Human rights campaigners supporting Myanmar’s Rohingya mainly Muslim minority have called for a global boycott of the country, a day before genocide hearings begin at the International Court of Justice (ICJ) in The Hague.
The Free Rohingya Coalition (FRC) said in a statement on Monday it was starting the “Boycott Myanmar Campaign” with 30 organisations in 10 countries.
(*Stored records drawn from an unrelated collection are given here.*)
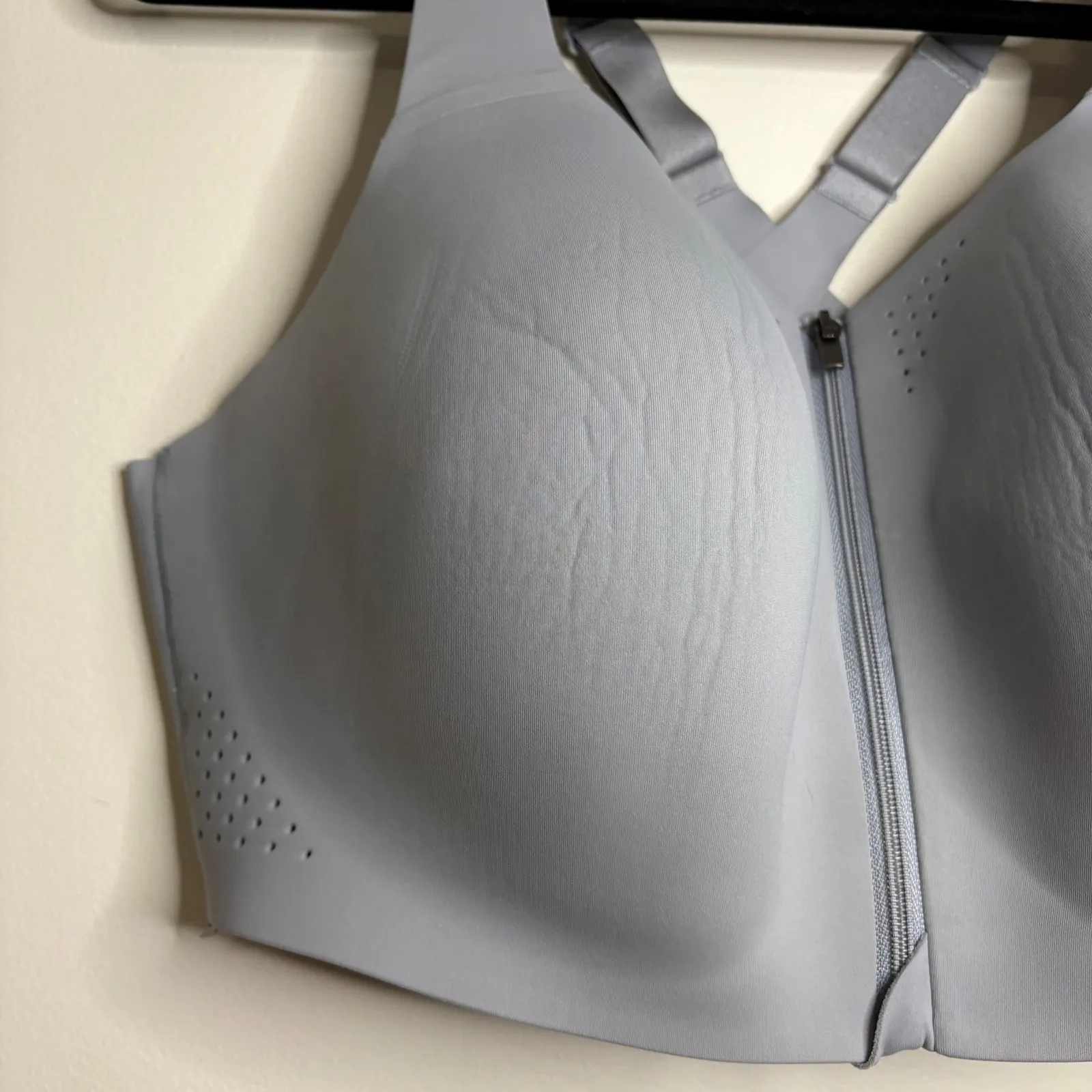 VSX Sport Bra High Support Front Zip Perforated Gray Women's Size 42DD E95 - Image 2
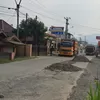 Jalan Grendong - Gunung Nyungcung Rumpin Bogor Rusak, Kapan Diperbaiki?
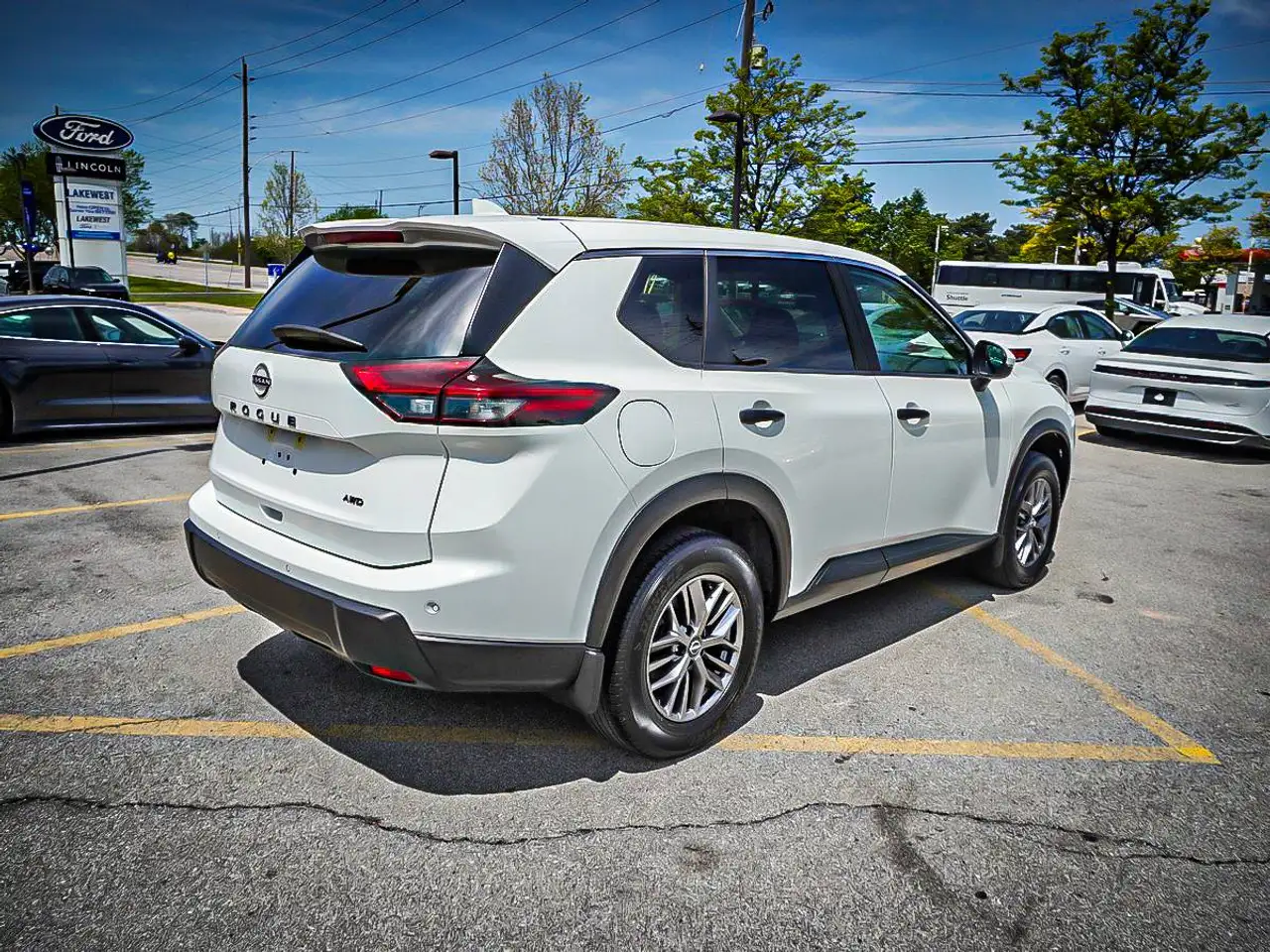 Nissan Rogue photo Nissan Rogue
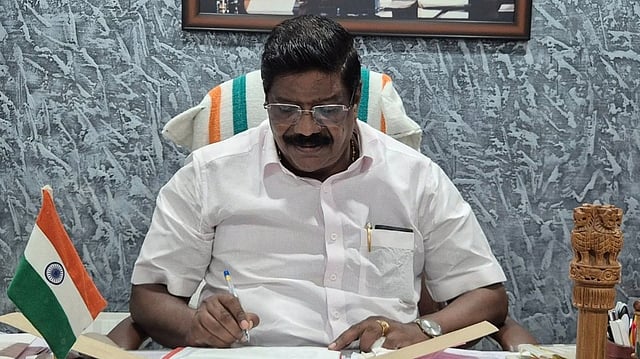 കൊച്ചി കോര്‍പ്പറേഷനില്‍ ഗ്രൂപ്പിന്റെ തിരമാല ആഞ്ഞടിക്കുന്നു, ദീപ്തിയെ ഒഴിവാക്കിയതില്‍ ഗൂഢാലോചന: അജയ് തറയില്‍ 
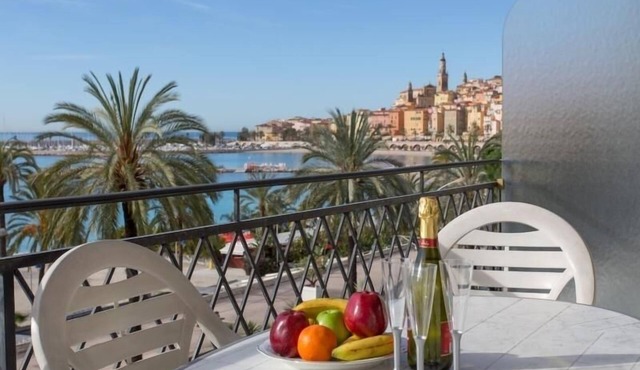 Air-conditioned studio in Menton, sea view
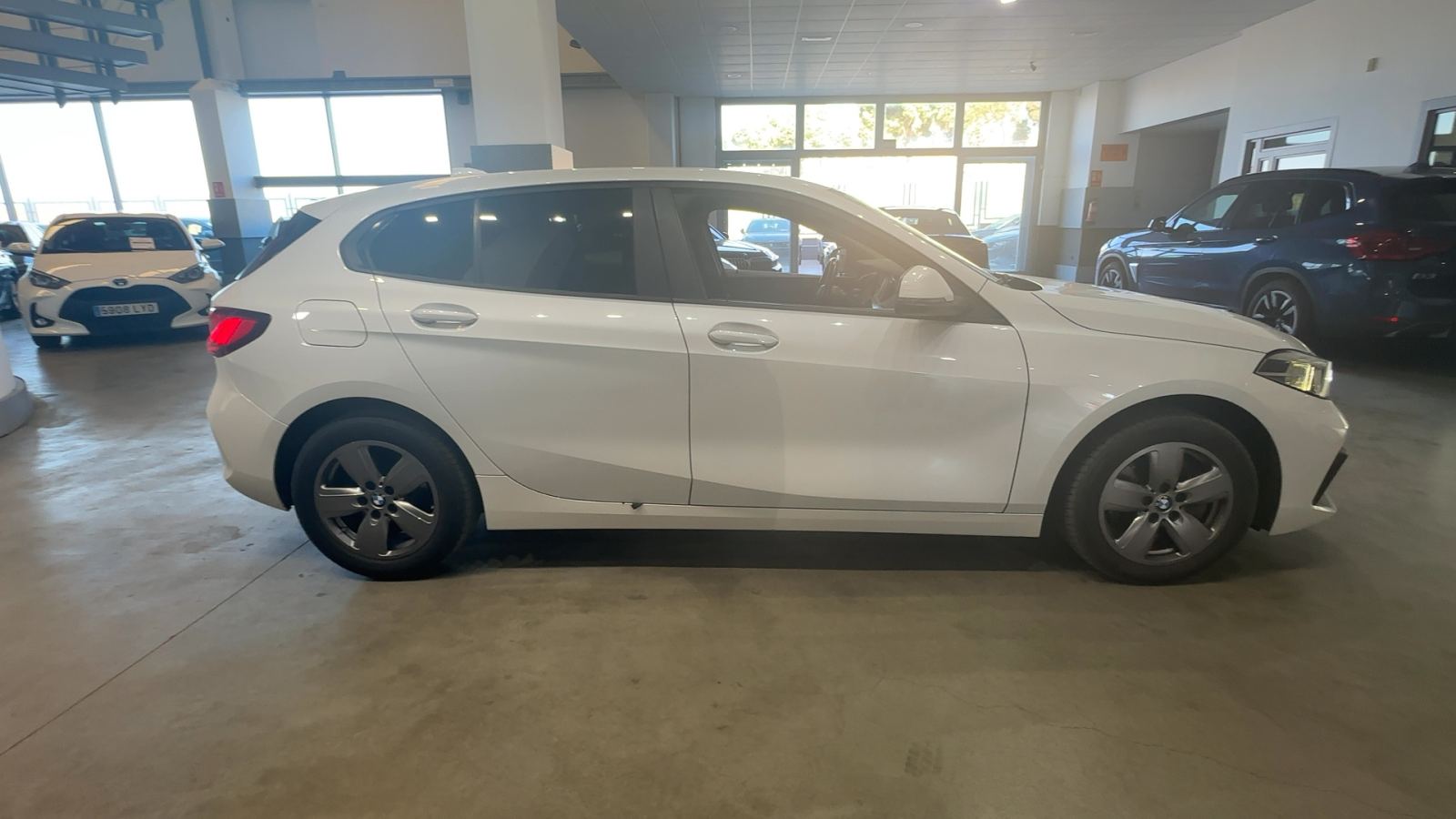 BMW SERIE 1 — perfil lateral derecho | CSV Motor VALDEFUENTES
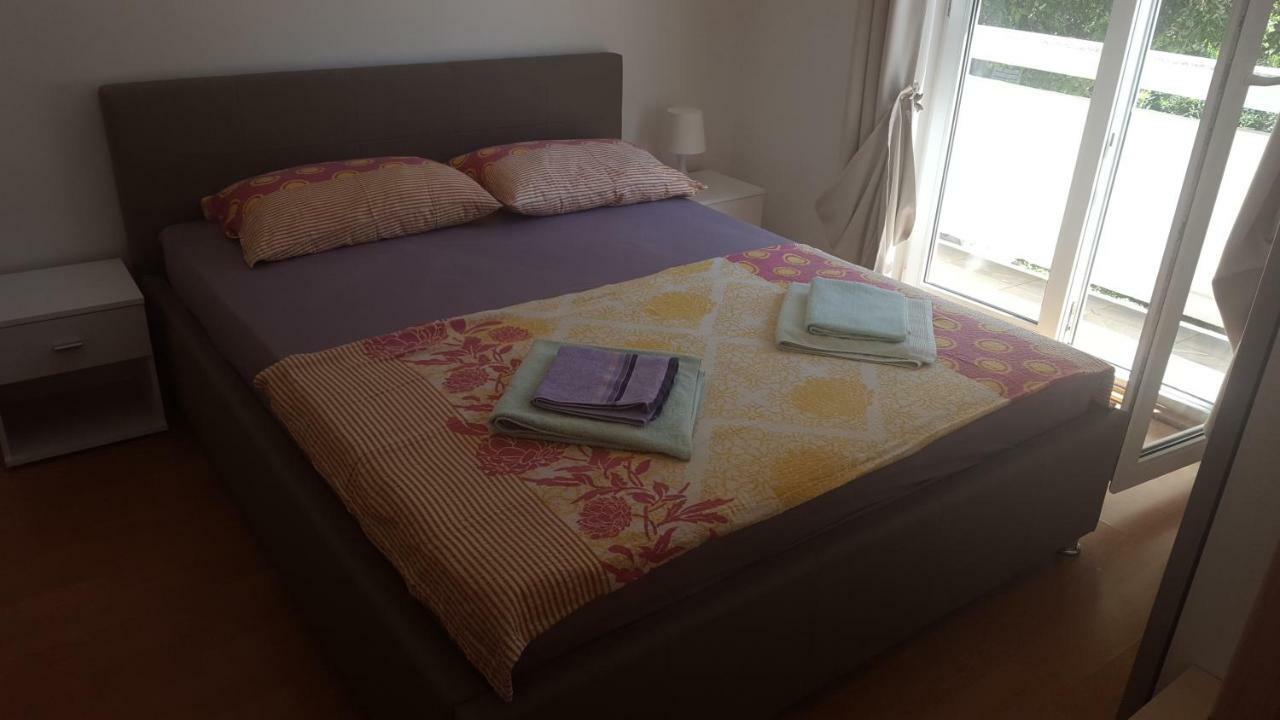 Apartmani Slavica ラブ エクステリア 写真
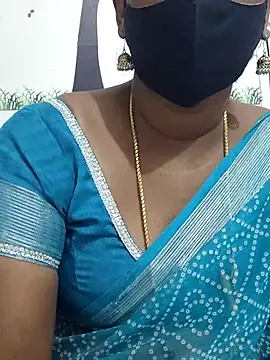 Snapshot of Tamil_Meera12 chatting on 11/24/25, 06:57 Tamil Meera12 online show from 11/24/25, 06:57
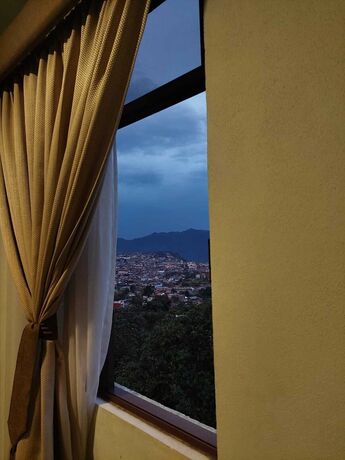 Imagen general del Hotel Sierra Norte Inn. Foto 10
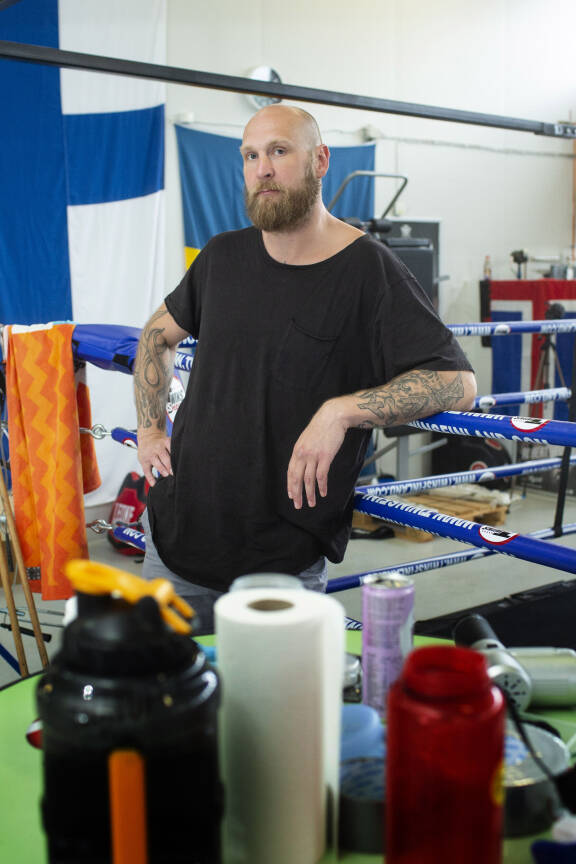 Robert kuvattuna Maarianhaminassa vuonna 2021. Tuttu mies, mutta hivenen nykyistä pehmeämpi olemus.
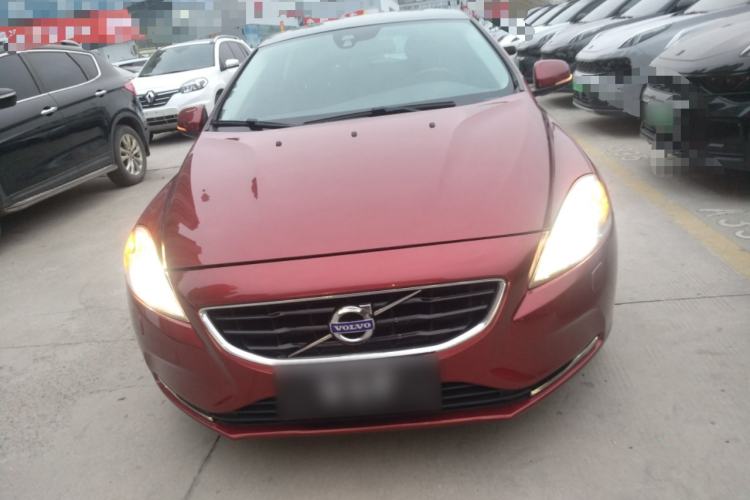 Used Volvo V40 2016 T3 Zhiyi Edition
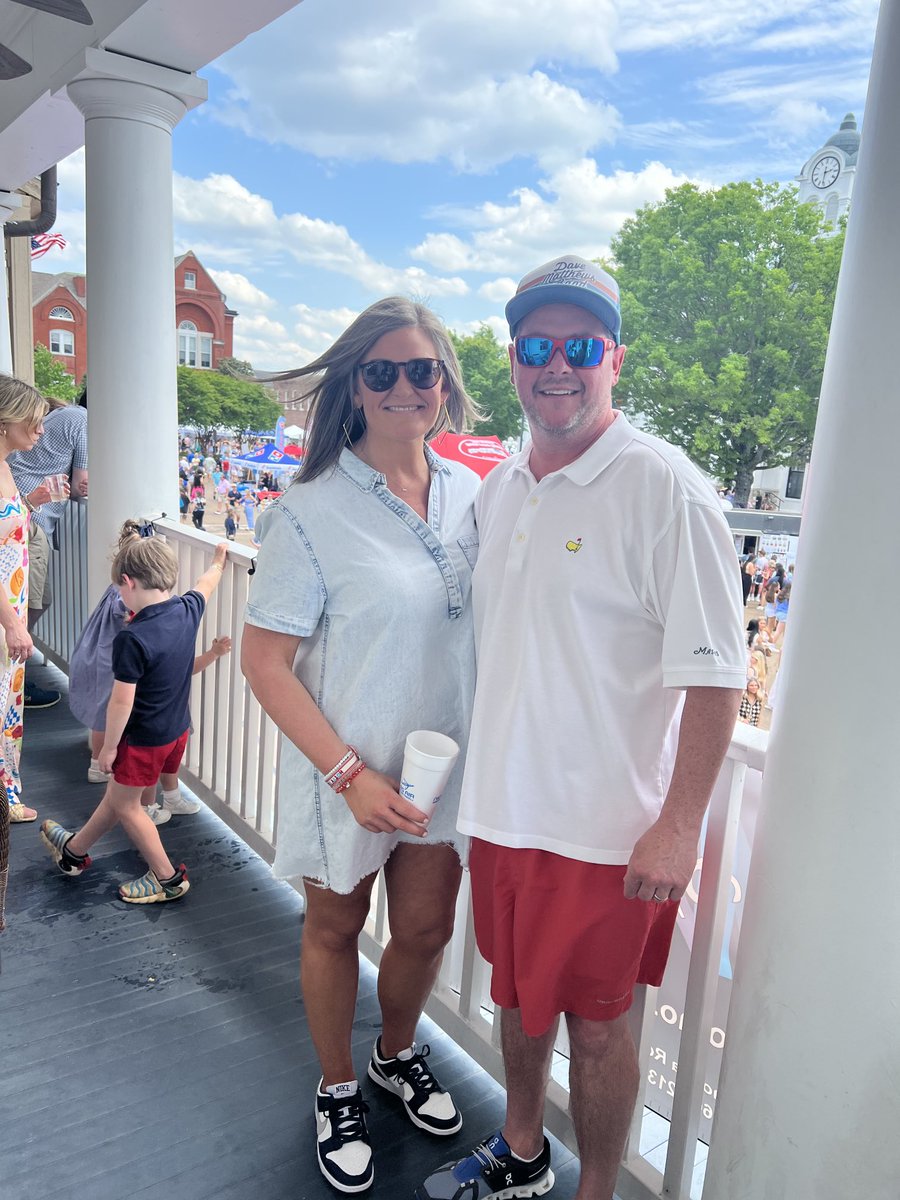 OleMiss1848's tweet photo. Enjoying ⁦@DoubleDeckerArt⁩ #WeGetToLiveHere ⁦@lindsay_burkes⁩ #AddyGrace https://t.co/Uex7eBAaVQ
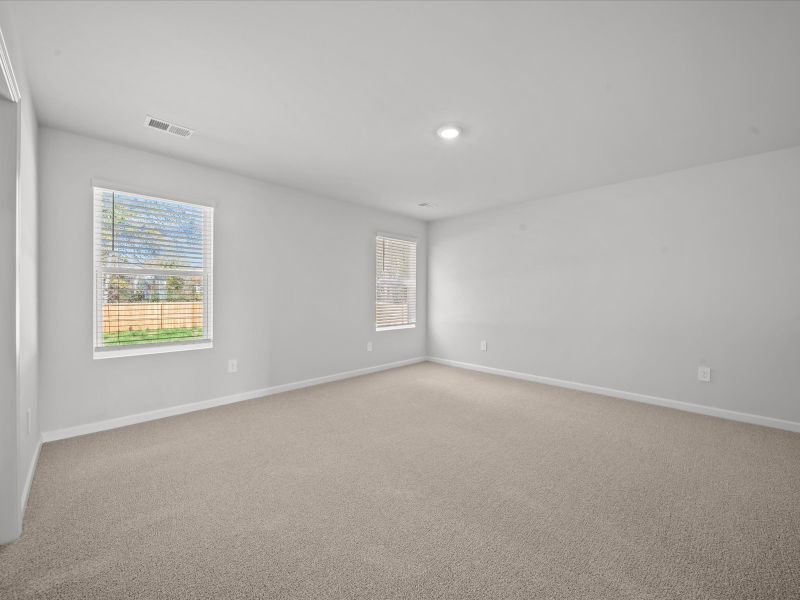 Spacious, unfurnished interior of a new home in Pleasant Brook, Greenville (Image 15).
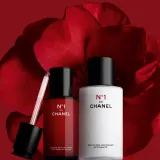 Эмульсия для лица Chanel UDOSKONALAJACA EMULSJA PRZYWRACAJACA SKORZE MLODY WYGLAD UDOSKONALA TEKSTURE SKORY, 100 мл — фото 5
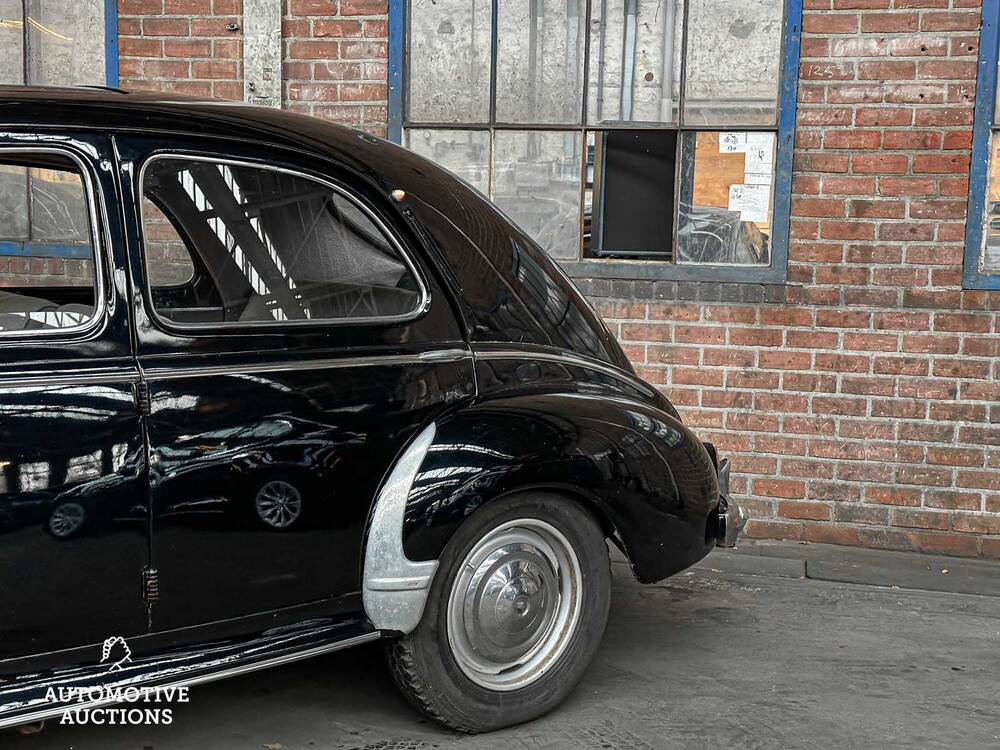 Peugeot 203 4-Türer 45PS 1954, 67-DE-96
It called on “corporations, foreign investors, professional and cultural organizations to sever their institutional ties with Myanmar”.
More than 730,000 Rohingya fled to neighbouring Bangladesh following the brutal crackdown by the military in August 2017, which United Nations investigators have concluded was carried out with “genocidal intent”.
The FRC statement added that the campaign was intended to “to bring to bear economic, cultural, diplomatic and political pressure on Myanmar’s coalition government of Aung San Suu Kyi and the military”.
“We are doing this to correct the wrongdoings of Myanmar government and military…not because we hate our fellow Burmese,” Ro Nay San Lwin, a Rohingya Muslim and cofounder of the FRC, told Al Jazeera.
“We want to see our country as a developed country but as the investments are financing the genocide we are compelled to do this,” he added.
Myanmar’s de facto leader and Nobel Peace Prize laureate Aung San Suu Kyi, who arrived in the Netherlands on Sunday, is set to defend her country’s record during three days of hearings initiated after a lawsuit was filed by the Gambia in November.
Aung San Suu Kyi’s office posted a picture of her arrival at Amsterdam’s Schiphol airport where she was greeted by the ambassador to the Netherlands and then headed to The Hague, where the World Court is located.
Aung San Suu Kyi has come under severe criticism in recent years for her unwillingness to speak out on the Rohingya crisis, despite the Myanmar military’s violent campaign against the minority group.
Several demonstrations are planned in the coming days in the Dutch city by Rohingya survivor groups, as well as by government supporters.
The Gambia filed the suit on behalf of the Organisation of Islamic Cooperation, in which Buddhist-majority Myanmar is accused of genocide, the most serious international crime, against its Rohingya minority.
During three days of hearings, its legal team will ask the 16-member panel of UN judges at the ICJ to impose “provisional measures” to protect the Rohingya before the case can be heard in full.
Aung San Suu Kyi‘s office said last month that she would lead her country’s team in The Hague to “defend the national interest”.